Who more perfectly encapsulates white privilege than Hillary Clinton? Hers was a charmed political life. She rose to political power in the draft of her husband, was given infinite breaks, then ruthlessly fought Obama for the nomination, long after it was clear she was not the Democrats’ choice in 2008.

Obama resented her campaign and resented Bill Clinton’s not-so-coded racism.

While the rest of the world assumes Hillary used a private server as secretary of state to hide her emails from the media or congressional investigators, Obama and Jarrett know that the private server was to prevent them from finding out what she was up to.

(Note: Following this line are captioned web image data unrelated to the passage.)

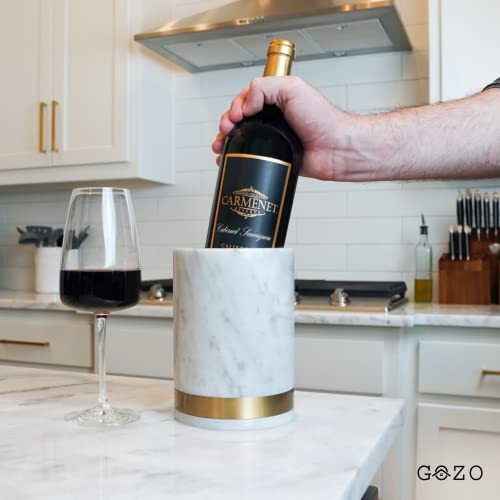 Marble Wine Chiller – Premium Italian Marble – Wine Gifts – Wine & Champagne Bucket – Wine Cooler For Bottles – Modern Décor – Wine Accessories #TOP6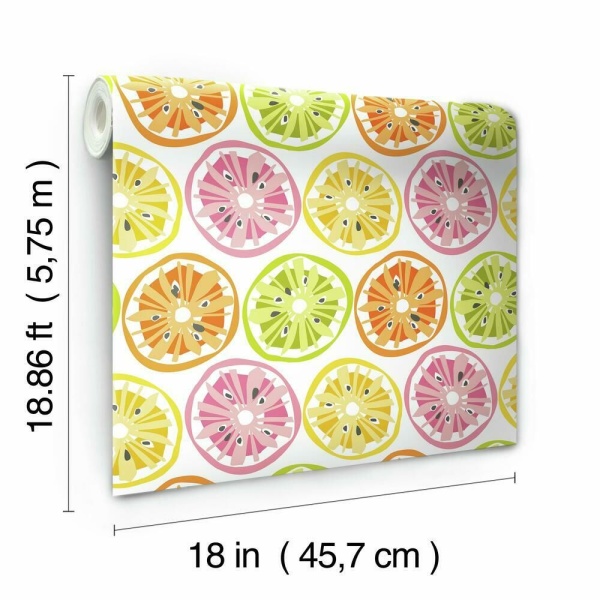 Rmk12095rl Citrus Sweet Peel Stick Wallpaper 4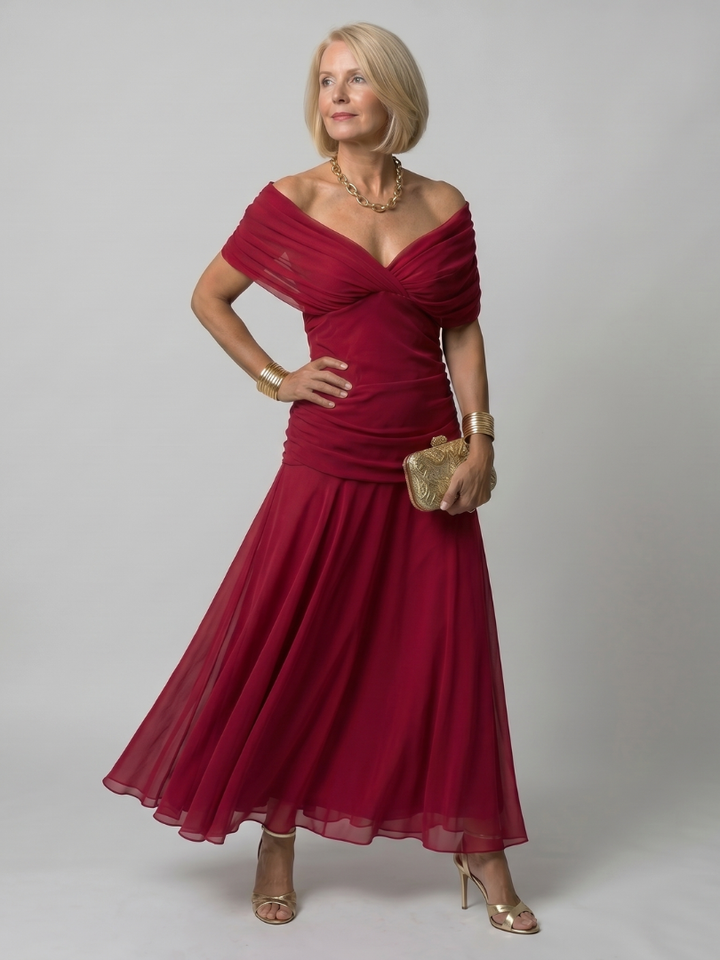Calen | Robe Midi Décolletée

There was always the sneaking suspicion that Hillary was keeping her powder dry to challenge Obama in 2012, as Teddy Kennedy had challenged President Carter. On this theory, it wasn’t FOIA requests Hillary was worried about, but the prying eyes of Valerie Jarrett.

Obama ordered Hillary not to hire Sidney Blumenthal because of his association with the worst of the Clinton years. As we now know from their constant chattering on email, Hillary effectively hired Blumenthal anyway.

Obama also has to worry that if Hillary were elected, she’d undo everything he’s done. She was the health care expert. As Obamacare goes into effect and the catastrophe expands, he can imagine Hillary heading to Capitol Hill to say, Obama, bless his heart, tried to move health care forward, but this novice had no idea what he was doing.

It’s a nightmare! Only Biden can be trusted to be the protector of Obama’s legacy.

So what if instead of sitting back watching Bernie and Hillary’s frenzied battle to the death, Obama could contrive to give the nomination to a guy he likes? What if he could force Hillary to drop out? What if he could snooker the Republicans — not hard! — into confirming his Supreme Court nominee?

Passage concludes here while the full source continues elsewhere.